All of the records listed below should be retyped exactly.

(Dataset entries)
·····

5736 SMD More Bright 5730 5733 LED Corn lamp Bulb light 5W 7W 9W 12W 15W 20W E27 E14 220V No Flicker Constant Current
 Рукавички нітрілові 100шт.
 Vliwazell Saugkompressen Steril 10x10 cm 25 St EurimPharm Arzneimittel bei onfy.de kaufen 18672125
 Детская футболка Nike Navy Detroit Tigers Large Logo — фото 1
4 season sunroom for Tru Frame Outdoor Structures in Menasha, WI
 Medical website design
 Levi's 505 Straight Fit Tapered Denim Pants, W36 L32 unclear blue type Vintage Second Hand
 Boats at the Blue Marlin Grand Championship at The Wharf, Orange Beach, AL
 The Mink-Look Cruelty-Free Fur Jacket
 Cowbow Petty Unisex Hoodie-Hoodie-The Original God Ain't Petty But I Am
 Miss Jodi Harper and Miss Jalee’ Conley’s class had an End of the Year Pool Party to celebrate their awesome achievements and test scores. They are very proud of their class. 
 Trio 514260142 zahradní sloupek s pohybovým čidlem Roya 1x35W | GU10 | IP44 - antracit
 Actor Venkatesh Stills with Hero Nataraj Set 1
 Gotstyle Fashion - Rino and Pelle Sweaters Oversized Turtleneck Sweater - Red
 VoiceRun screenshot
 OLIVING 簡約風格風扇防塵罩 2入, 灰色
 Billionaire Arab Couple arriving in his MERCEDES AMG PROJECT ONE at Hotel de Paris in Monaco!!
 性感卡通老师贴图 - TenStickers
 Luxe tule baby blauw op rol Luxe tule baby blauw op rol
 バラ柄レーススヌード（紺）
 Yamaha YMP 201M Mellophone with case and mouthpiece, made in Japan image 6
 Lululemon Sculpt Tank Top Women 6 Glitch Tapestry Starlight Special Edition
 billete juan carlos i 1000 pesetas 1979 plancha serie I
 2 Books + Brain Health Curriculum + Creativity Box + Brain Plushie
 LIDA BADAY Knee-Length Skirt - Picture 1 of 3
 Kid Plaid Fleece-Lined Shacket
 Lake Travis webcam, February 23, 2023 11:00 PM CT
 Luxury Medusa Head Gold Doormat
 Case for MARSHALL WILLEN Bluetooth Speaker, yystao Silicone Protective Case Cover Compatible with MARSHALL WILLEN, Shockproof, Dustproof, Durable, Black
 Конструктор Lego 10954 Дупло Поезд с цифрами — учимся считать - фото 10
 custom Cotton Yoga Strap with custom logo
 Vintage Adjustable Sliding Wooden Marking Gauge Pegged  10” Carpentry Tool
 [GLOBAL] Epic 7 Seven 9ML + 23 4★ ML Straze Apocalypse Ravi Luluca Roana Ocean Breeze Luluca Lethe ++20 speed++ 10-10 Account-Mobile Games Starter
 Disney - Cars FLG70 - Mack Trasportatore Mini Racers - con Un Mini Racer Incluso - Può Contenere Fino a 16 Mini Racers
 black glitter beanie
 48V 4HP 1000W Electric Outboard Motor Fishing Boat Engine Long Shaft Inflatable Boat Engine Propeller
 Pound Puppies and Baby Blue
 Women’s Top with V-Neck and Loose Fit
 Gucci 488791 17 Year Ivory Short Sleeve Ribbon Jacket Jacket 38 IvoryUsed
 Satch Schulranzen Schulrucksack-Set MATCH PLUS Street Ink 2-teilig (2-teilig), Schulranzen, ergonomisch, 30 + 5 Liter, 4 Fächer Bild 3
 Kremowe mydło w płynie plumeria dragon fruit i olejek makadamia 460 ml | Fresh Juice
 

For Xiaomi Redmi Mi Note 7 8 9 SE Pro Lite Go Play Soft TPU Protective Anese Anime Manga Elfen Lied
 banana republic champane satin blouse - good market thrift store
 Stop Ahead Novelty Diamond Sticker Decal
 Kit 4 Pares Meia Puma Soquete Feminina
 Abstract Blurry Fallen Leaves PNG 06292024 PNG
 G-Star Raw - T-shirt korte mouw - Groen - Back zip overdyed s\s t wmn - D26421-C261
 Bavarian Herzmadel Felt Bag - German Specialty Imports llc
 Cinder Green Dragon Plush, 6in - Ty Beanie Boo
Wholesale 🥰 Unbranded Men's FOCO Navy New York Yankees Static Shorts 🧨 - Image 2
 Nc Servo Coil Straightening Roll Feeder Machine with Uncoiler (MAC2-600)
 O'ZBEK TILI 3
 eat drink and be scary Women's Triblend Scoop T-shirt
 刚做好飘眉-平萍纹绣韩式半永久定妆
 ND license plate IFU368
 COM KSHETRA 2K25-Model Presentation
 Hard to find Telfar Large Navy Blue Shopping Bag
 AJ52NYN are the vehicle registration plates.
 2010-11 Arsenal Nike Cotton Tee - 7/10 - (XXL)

·····

[OUTPUT OF THE TASK]
5736 SMD More Bright 5730 5733 LED Corn lamp Bulb light 5W 7W 9W 12W 15W 20W E27 E14 220V No Flicker Constant Current
 Рукавички нітрілові 100шт.
 Vliwazell Saugkompressen Steril 10x10 cm 25 St EurimPharm Arzneimittel bei onfy.de kaufen 18672125
 Детская футболка Nike Navy Detroit Tigers Large Logo — фото 1
4 season sunroom for Tru Frame Outdoor Structures in Menasha, WI
 Medical website design
 Levi's 505 Straight Fit Tapered Denim Pants, W36 L32 unclear blue type Vintage Second Hand
 Boats at the Blue Marlin Grand Championship at The Wharf, Orange Beach, AL
 The Mink-Look Cruelty-Free Fur Jacket
 Cowbow Petty Unisex Hoodie-Hoodie-The Original God Ain't Petty But I Am
 Miss Jodi Harper and Miss Jalee’ Conley’s class had an End of the Year Pool Party to celebrate their awesome achievements and test scores. They are very proud of their class. 
 Trio 514260142 zahradní sloupek s pohybovým čidlem Roya 1x35W | GU10 | IP44 - antracit
 Actor Venkatesh Stills with Hero Nataraj Set 1
 Gotstyle Fashion - Rino and Pelle Sweaters Oversized Turtleneck Sweater - Red
 VoiceRun screenshot
 OLIVING 簡約風格風扇防塵罩 2入, 灰色
 Billionaire Arab Couple arriving in his MERCEDES AMG PROJECT ONE at Hotel de Paris in Monaco!!
 性感卡通老师贴图 - TenStickers
 Luxe tule baby blauw op rol Luxe tule baby blauw op rol
 バラ柄レーススヌード（紺）
 Yamaha YMP 201M Mellophone with case and mouthpiece, made in Japan image 6
 Lululemon Sculpt Tank Top Women 6 Glitch Tapestry Starlight Special Edition
 billete juan carlos i 1000 pesetas 1979 plancha serie I
 2 Books + Brain Health Curriculum + Creativity Box + Brain Plushie
 LIDA BADAY Knee-Length Skirt - Picture 1 of 3
 Kid Plaid Fleece-Lined Shacket
 Lake Travis webcam, February 23, 2023 11:00 PM CT
 Luxury Medusa Head Gold Doormat
 Case for MARSHALL WILLEN Bluetooth Speaker, yystao Silicone Protective Case Cover Compatible with MARSHALL WILLEN, Shockproof, Dustproof, Durable, Black
 Конструктор Lego 10954 Дупло Поезд с цифрами — учимся считать - фото 10
 custom Cotton Yoga Strap with custom logo
 Vintage Adjustable Sliding Wooden Marking Gauge Pegged  10” Carpentry Tool
 [GLOBAL] Epic 7 Seven 9ML + 23 4★ ML Straze Apocalypse Ravi Luluca Roana Ocean Breeze Luluca Lethe ++20 speed++ 10-10 Account-Mobile Games Starter
 Disney - Cars FLG70 - Mack Trasportatore Mini Racers - con Un Mini Racer Incluso - Può Contenere Fino a 16 Mini Racers
 black glitter beanie
 48V 4HP 1000W Electric Outboard Motor Fishing Boat Engine Long Shaft Inflatable Boat Engine Propeller
 Pound Puppies and Baby Blue
 Women’s Top with V-Neck and Loose Fit
 Gucci 488791 17 Year Ivory Short Sleeve Ribbon Jacket Jacket 38 IvoryUsed
 Satch Schulranzen Schulrucksack-Set MATCH PLUS Street Ink 2-teilig (2-teilig), Schulranzen, ergonomisch, 30 + 5 Liter, 4 Fächer Bild 3
 Kremowe mydło w płynie plumeria dragon fruit i olejek makadamia 460 ml | Fresh Juice
 

For Xiaomi Redmi Mi Note 7 8 9 SE Pro Lite Go Play Soft TPU Protective Anese Anime Manga Elfen Lied
 banana republic champane satin blouse - good market thrift store
 Stop Ahead Novelty Diamond Sticker Decal
 Kit 4 Pares Meia Puma Soquete Feminina
 Abstract Blurry Fallen Leaves PNG 06292024 PNG
 G-Star Raw - T-shirt korte mouw - Groen - Back zip overdyed s\s t wmn - D26421-C261
 Bavarian Herzmadel Felt Bag - German Specialty Imports llc
 Cinder Green Dragon Plush, 6in - Ty Beanie Boo
Wholesale 🥰 Unbranded Men's FOCO Navy New York Yankees Static Shorts 🧨 - Image 2
 Nc Servo Coil Straightening Roll Feeder Machine with Uncoiler (MAC2-600)
 O'ZBEK TILI 3
 eat drink and be scary Women's Triblend Scoop T-shirt
 刚做好飘眉-平萍纹绣韩式半永久定妆
 ND license plate IFU368
 COM KSHETRA 2K25-Model Presentation
 Hard to find Telfar Large Navy Blue Shopping Bag
 AJ52NYN are the vehicle registration plates.
 2010-11 Arsenal Nike Cotton Tee - 7/10 - (XXL)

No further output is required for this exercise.